Gareth wrote:Mindfulness is most often taught as an awareness of breath, and while I do sometimes meditate to my breath, most of my meditations are sound-based. Either some gentle ambient music, or just the sounds around me. Today I meditated with my bedroom window open, listening to the sounds of spring outside. This type of meditation always feels more natural to me, although I do like to experiment to this day.

There are many ways to practise mindfulness.

Yes, and a big emphasis on maintaining the mind-body connection is always useful here, lest one drifts off into indulgence in the sounds and the thoughts they generate for us. Here is JKZ in Coming to Our Senses, Chapter: Soundscape, p206-207:
... the co-arising with sound of the knowing of sound as sound, as just what it is, before it gets dressed up by the thinking mind and avaluated by our naming, by our liking and disliking of things, by our judging mind. It is something like a mirror for sound, this knowing, simply reflecting what comes before it, without opinion or attitude, open, empty, and therefore capable of containing anything that presents itself.

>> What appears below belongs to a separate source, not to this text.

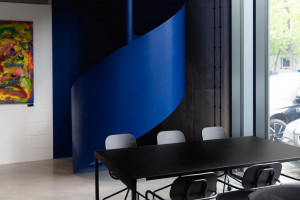 Industrialne biuro pełne kolorów inspirowanych architektonicznym software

This is a great soundscape guided meditation from JKZ available on youtube: Jon Kabat Zinn Soundscape Guided Meditation. At 09:22 he highlights how the practice is keeping one's attention on the continuity of sounds arriving at one's ears, and if that attention is broken, then to meet with awareness whatever it is which carried one away from one's anchor within the 'soundscape', and then gently noting what drew one away and then bringing the attention back just like one does with the breath.

Again, in Coming to Our Senses, JKZ writes in the Chapter: Just Hearing, p281:
The sounds are already arriving. Can we hear them? Can we be with them moment by moment, sound and the spaces between sounds met with awareness, just as we have been doing with thoughts and the spaces between them, without liking or disliking, preferring or rejecting, without judging or evaluating, cataloguing or savoring? Of course you can intentionally do this with music, which is itself a rich and wonderful practice...

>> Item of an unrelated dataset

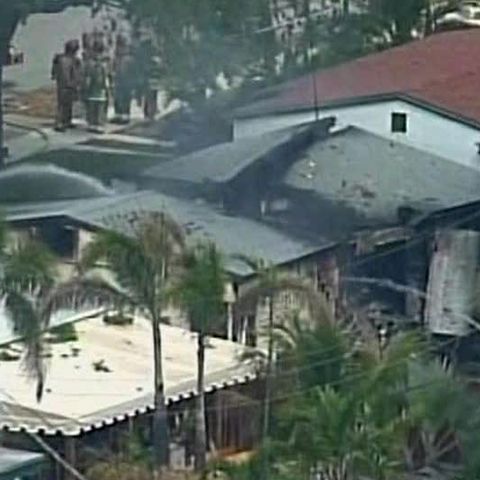 Un avion s-a prăbuşit peste o casă din statul american Florida 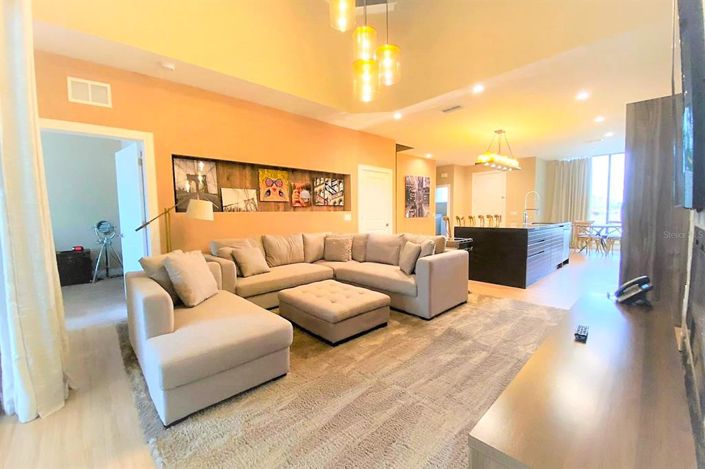 Image No.41-4 Bed Townhouse for sale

Keeping one's awareness of the tension within one's mind and body in all these activities is one of the essential ingredients - noticing when it changes, and providing the conditions for it to dissolve so that we can remain joyfully immersed in our activity.

I like JKZ's use of 'scapes' - this points to this idea of 'neighbourhoods' of awareness. Here is another youtube guided meditation by JKZ using the breathscape: Jon Kabat Zinn Breathscape And Bodyscape guided meditation. At 11:15 he invites one to expand the awareness of the breath to the body as a whole - a combining of the 'breathscape' and the 'bodyscape' - the whole body sitting and breathing.
"Compassion – particularly for yourself – is of overwhelming importance." - Mark Williams, Mindfulness (2011), p117.
"...allow yourself to smile inwardly." - Jon Kabat-Zinn, Full Catastrophe Living (2005), p436.